Omit all pictures. Reproduce exactly the lines from the first line of the records below through the line with "surrealism visual art".

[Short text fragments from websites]
↓↓↓

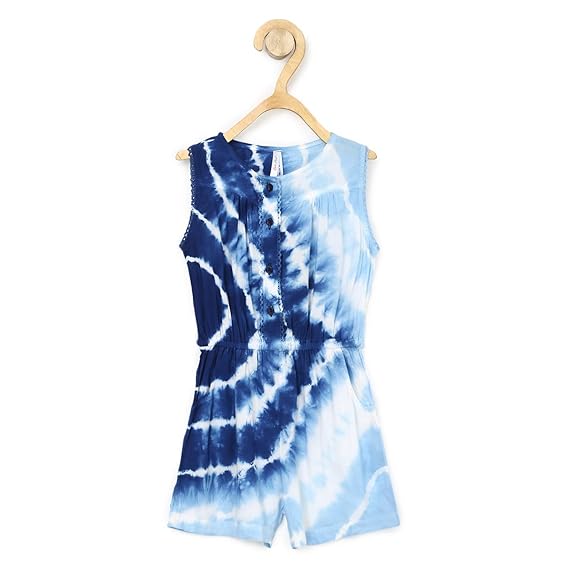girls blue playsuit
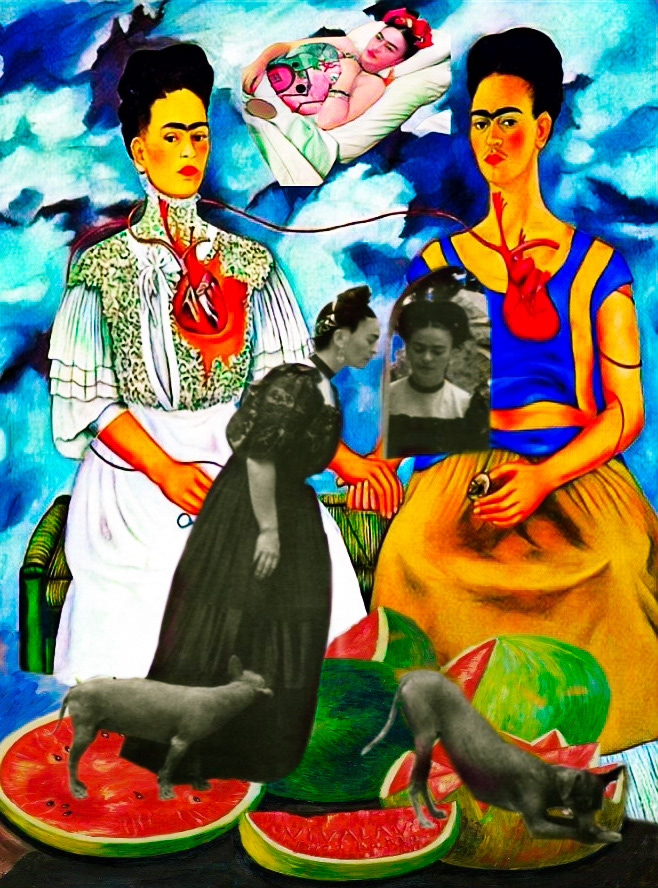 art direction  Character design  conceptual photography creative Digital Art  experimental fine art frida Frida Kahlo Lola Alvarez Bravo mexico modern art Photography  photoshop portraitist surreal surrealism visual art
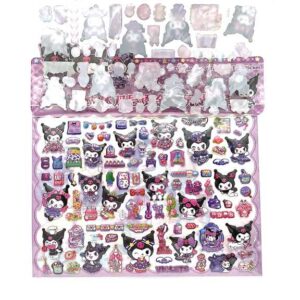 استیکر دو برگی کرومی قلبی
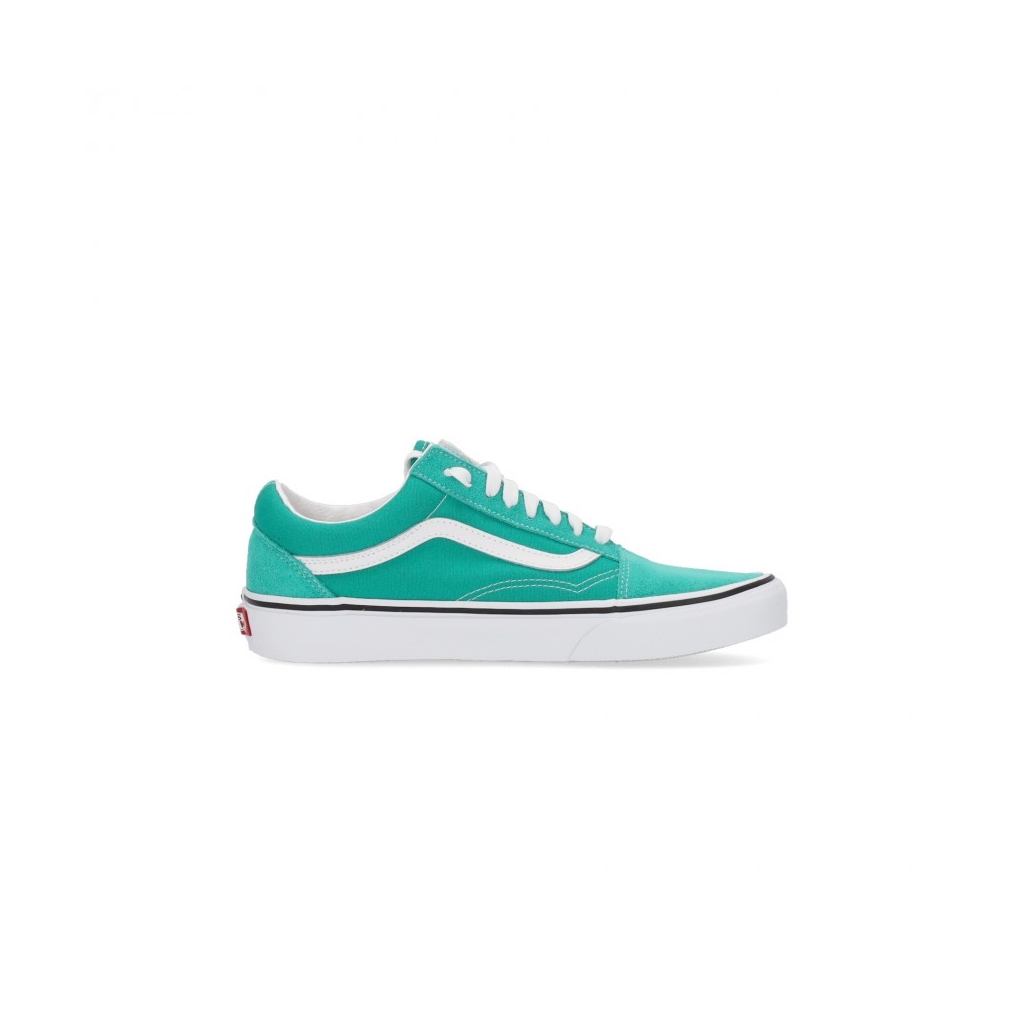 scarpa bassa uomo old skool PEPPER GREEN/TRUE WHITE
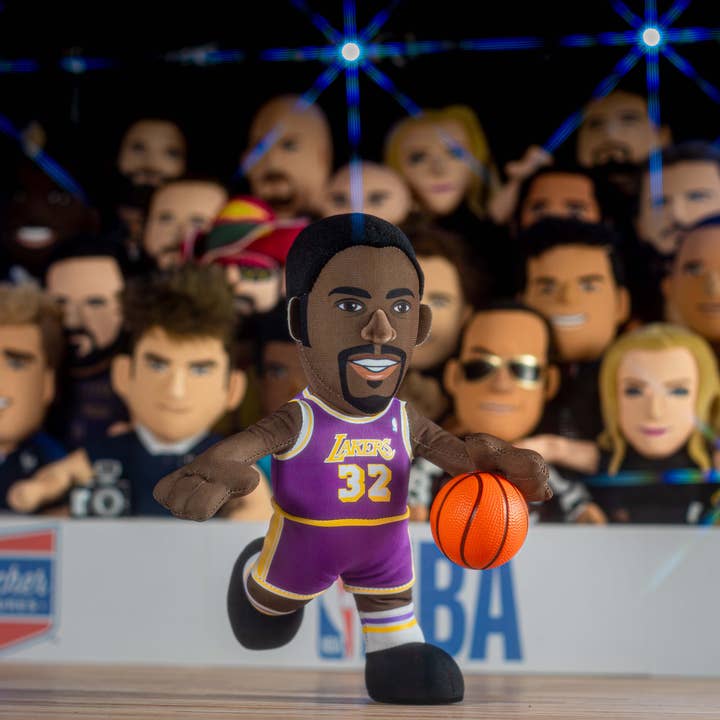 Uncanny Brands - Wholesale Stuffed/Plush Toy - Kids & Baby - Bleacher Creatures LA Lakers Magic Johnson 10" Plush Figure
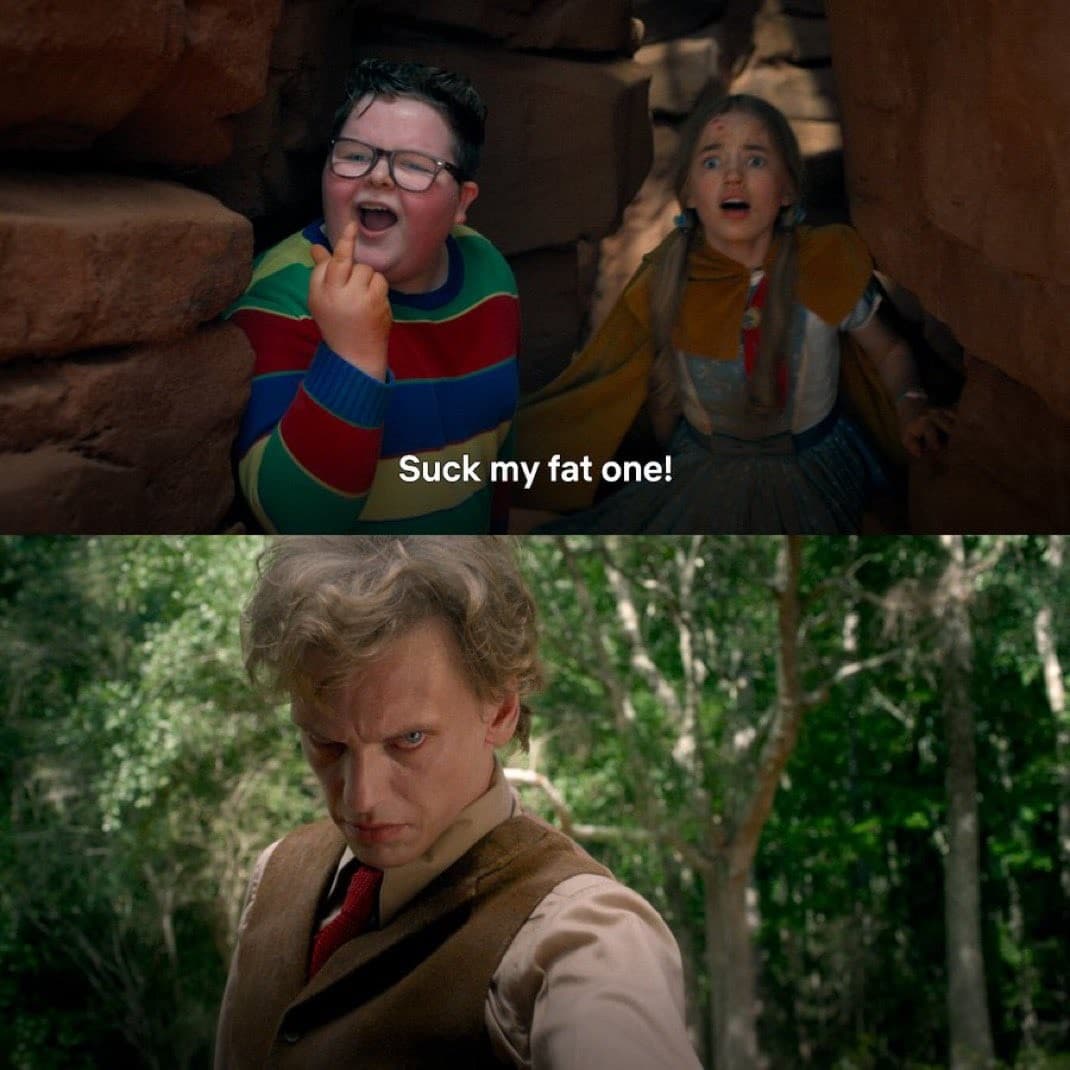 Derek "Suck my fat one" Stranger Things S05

↑↑↑

▶ **Solution to this task**:
girls blue playsuit
 art direction  Character design  conceptual photography creative Digital Art  experimental fine art frida Frida Kahlo Lola Alvarez Bravo mexico modern art Photography  photoshop portraitist surreal surrealism visual art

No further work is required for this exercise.